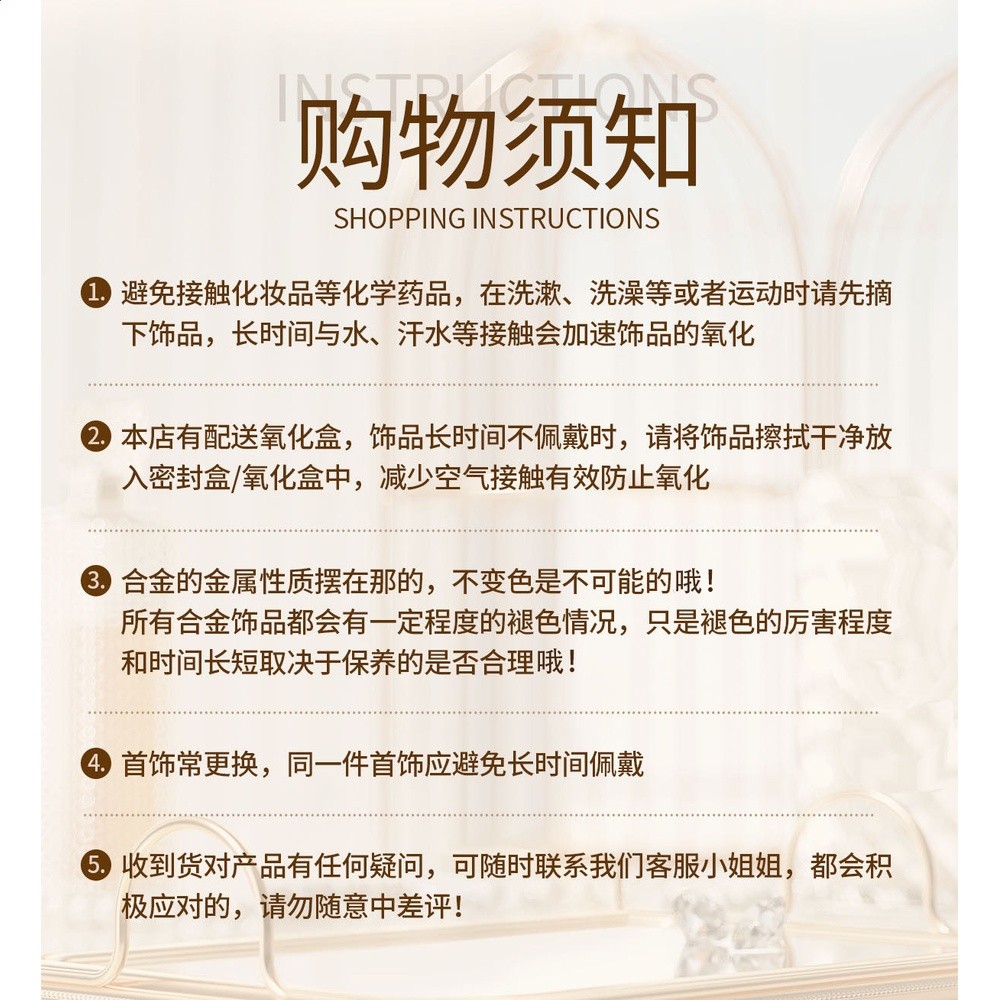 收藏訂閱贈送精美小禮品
==
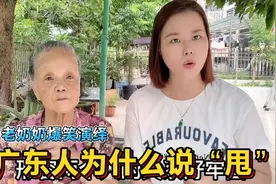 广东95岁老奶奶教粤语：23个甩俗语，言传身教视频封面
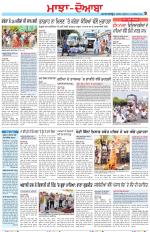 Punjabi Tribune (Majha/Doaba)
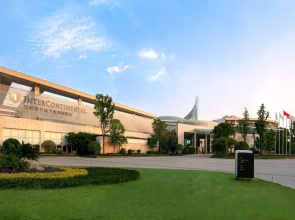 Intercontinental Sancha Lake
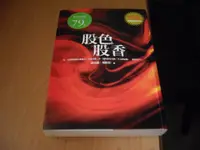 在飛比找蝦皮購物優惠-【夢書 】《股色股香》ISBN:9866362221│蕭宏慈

* Prompt *
Write out word for word the lines above that run from the one with "广东95岁老奶奶教粤语：23个甩俗语，言传身教视频封面" to the one with "在飛比找蝦皮購物優惠-【夢書". Include both end lines; exclude the images.

* Result *
 广东95岁老奶奶教粤语：23个甩俗语，言传身教视频封面
 Punjabi Tribune (Majha/Doaba)
 Intercontinental Sancha Lake
 在飛比找蝦皮購物優惠-【夢書 】《股色股香》ISBN:9866362221│蕭宏慈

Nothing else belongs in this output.